3.2. CCM c.s. voert verweer.
3.3. Op de stellingen van partijen wordt hierna, voor zover van belang, nader ingegaan.
4. De beoordeling
4.1. Het geschil tussen partijen komt er in wezen op neer dat Borvad c.s. zich benadeeld acht door de (uitvoering van de) financiële herconstructie. Partijen verschillen echter van mening over de vraag wat deze reconstructie, naast hetgeen hiervoor onder 2.5 is gesteld, feitelijk in heeft gehouden. Voor een goede beoordeling van het geschil dient hierover eerst duidelijkheid te ontstaan.
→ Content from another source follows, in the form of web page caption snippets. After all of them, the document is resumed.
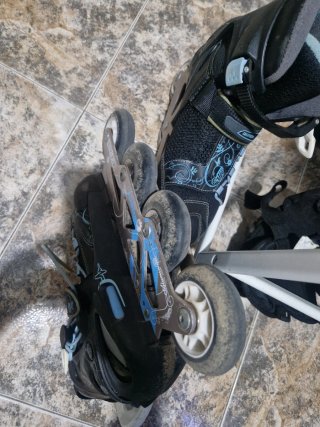 Patines en línea Decathlon Talla 41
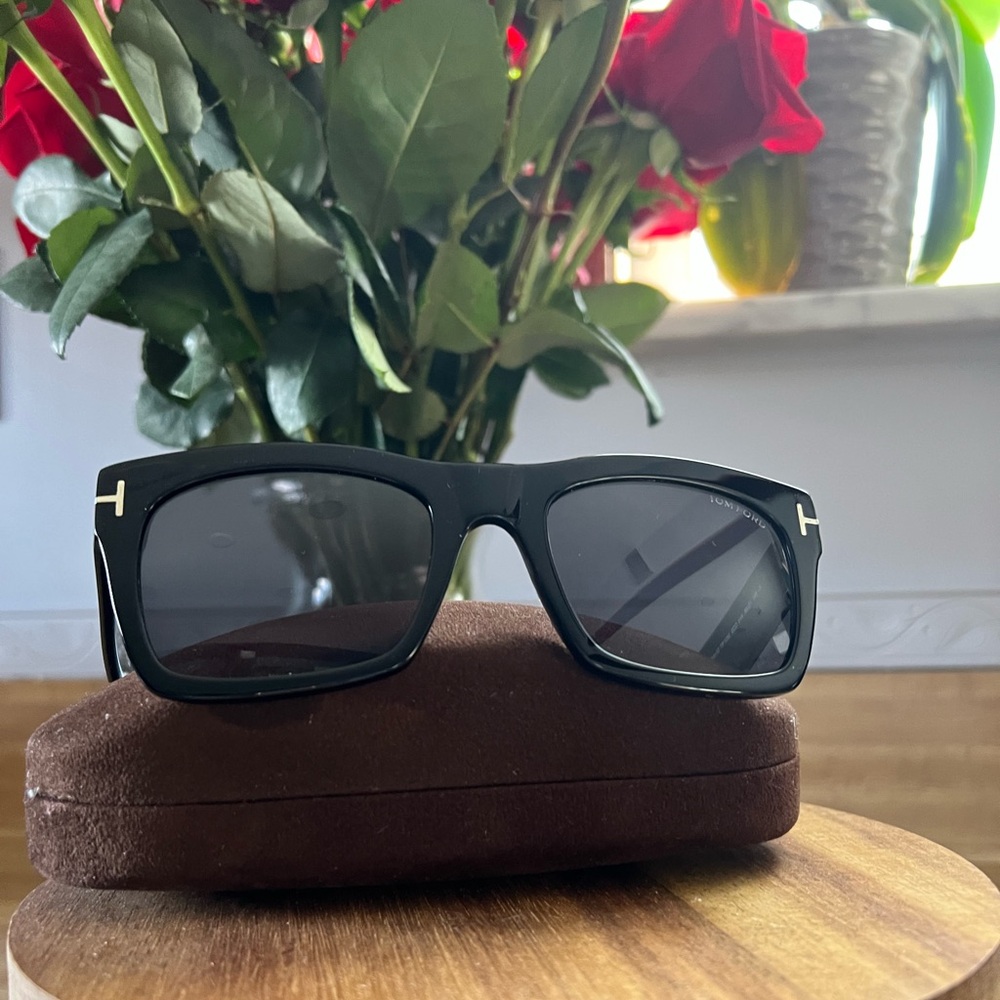 TOM FORD NICO-02 SUNGLASSES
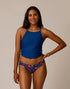 Carve Designs W Boca Compression Tankini SETSAIL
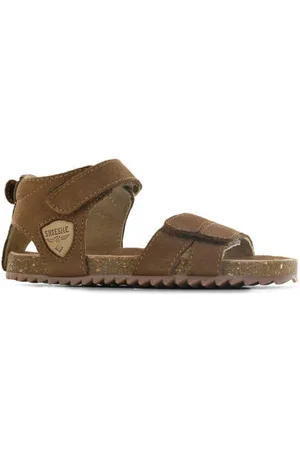 Shoesme Suède sandalen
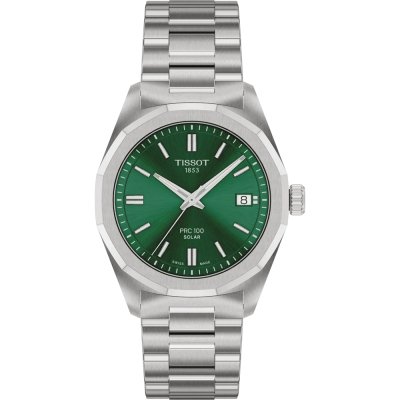 Tissot T-Classic T1518221109100 PRC 100 Solar Zegarek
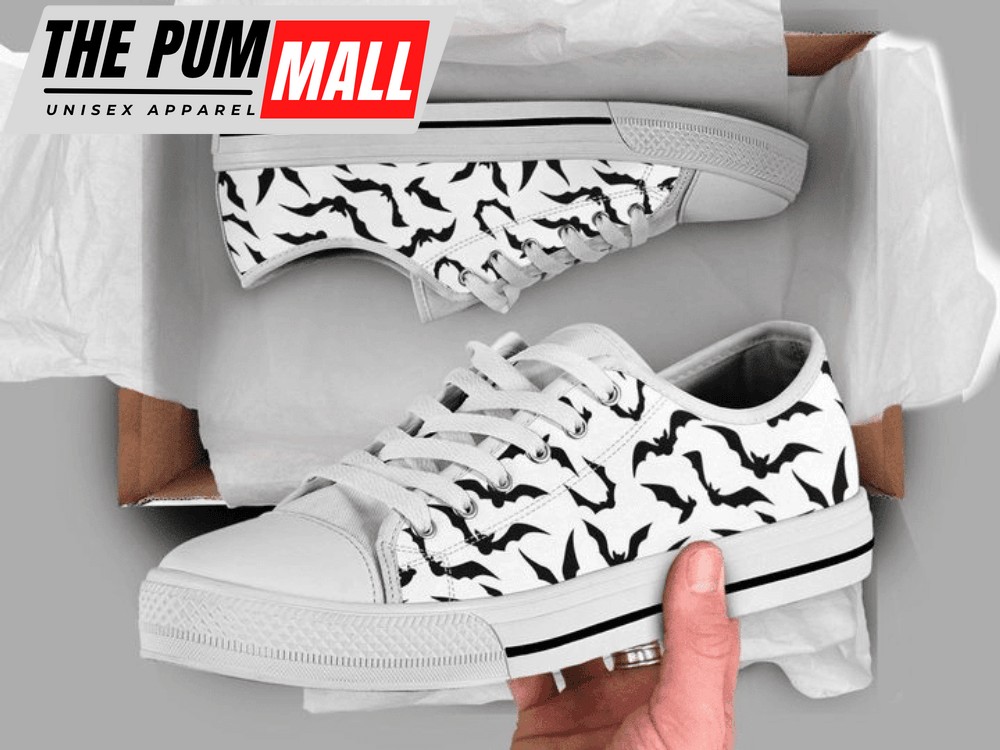 Bat Low Top Shoes Sneaker PN205133Sb – Stylish & Sustainable Footwear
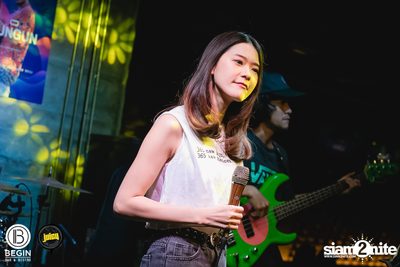 GUNGUN ที่ Begin Bar & Bistro — photo 60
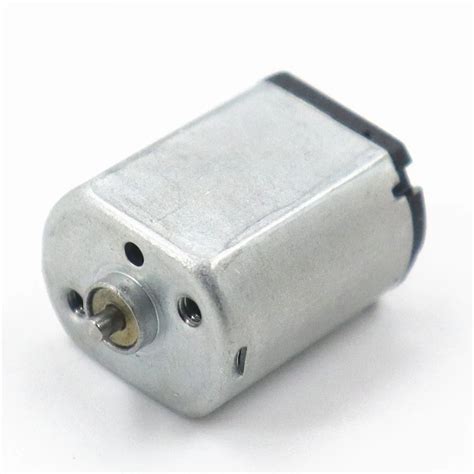 Fc 280sc 18180 Dc Motor 12v Side Mirror Folding Motor And Ft-280 Micro ...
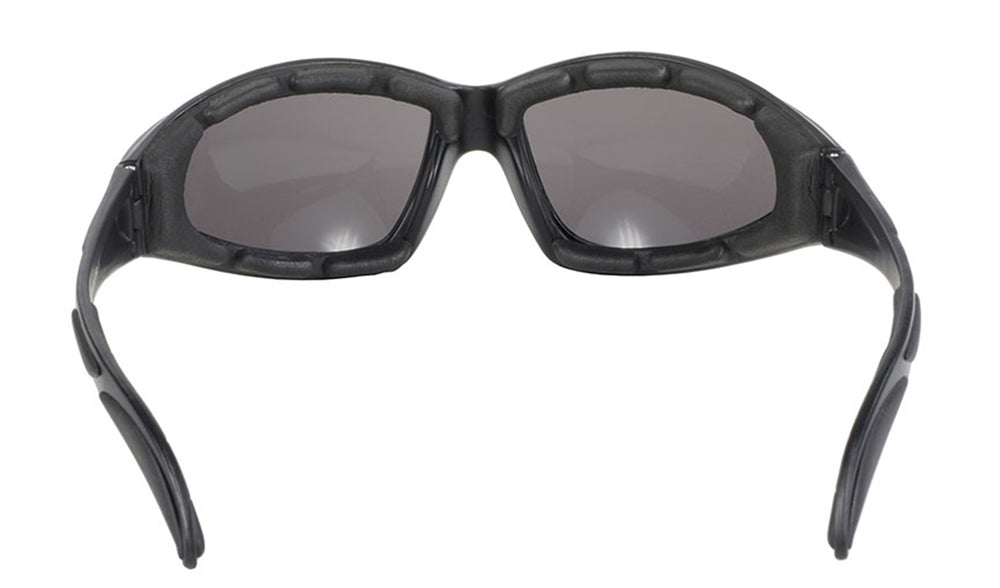 436 Chopper Blk Frm/Smoke Lens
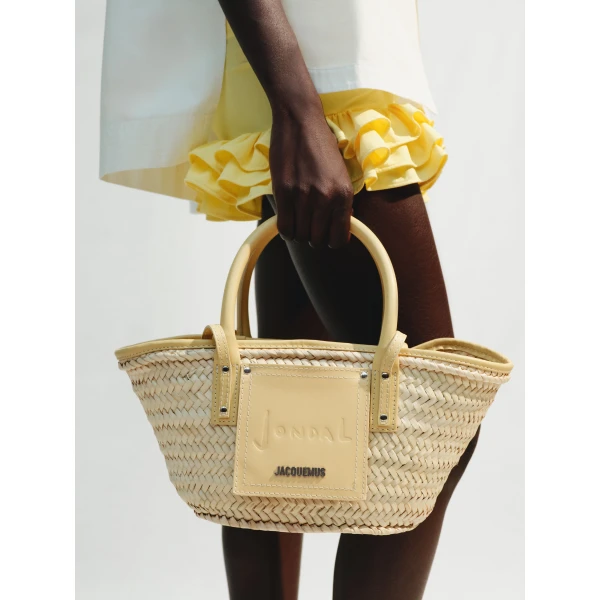 Jacquemus totes and top-handle bags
4.2. Uit de dagvaarding valt af te leiden dat Borvad c.s. van mening is dat onderdeel van de financiële herconstructie is dat niet alleen binnen de Stichting, maar ook binnen CCM een categorale indeling van schuldeisers heeft plaatsgevonden, waarbij zijn vorderingen zouden zijn ingedeeld in categorie C. Verder stelt Borvad c.s. dat CCM haar vorderingen op de tussenholding, de SARL en de SCI, die in wezen de dekking voor de aan CCM verschafte leningen vormden, heeft gecedeerd aan de Stichting. Tot slot stelt Borvad c.s. dat CCM aan de SCI opdracht, althans toestemming heeft gegeven om ten behoeve van de Stichting een tweede hypotheek op het kasteel/hotel te vestigen. Hierdoor verkreeg de Stichting (en daarmee de schuldeisers van de Stichting) een betere verhaalsmogelijkheid voor hun vordering. Borvad c.s. acht zich door al deze handelingen benadeeld in zijn positie als schuldeiser en stelt dat de omschreven handelingen paulianeus zijn.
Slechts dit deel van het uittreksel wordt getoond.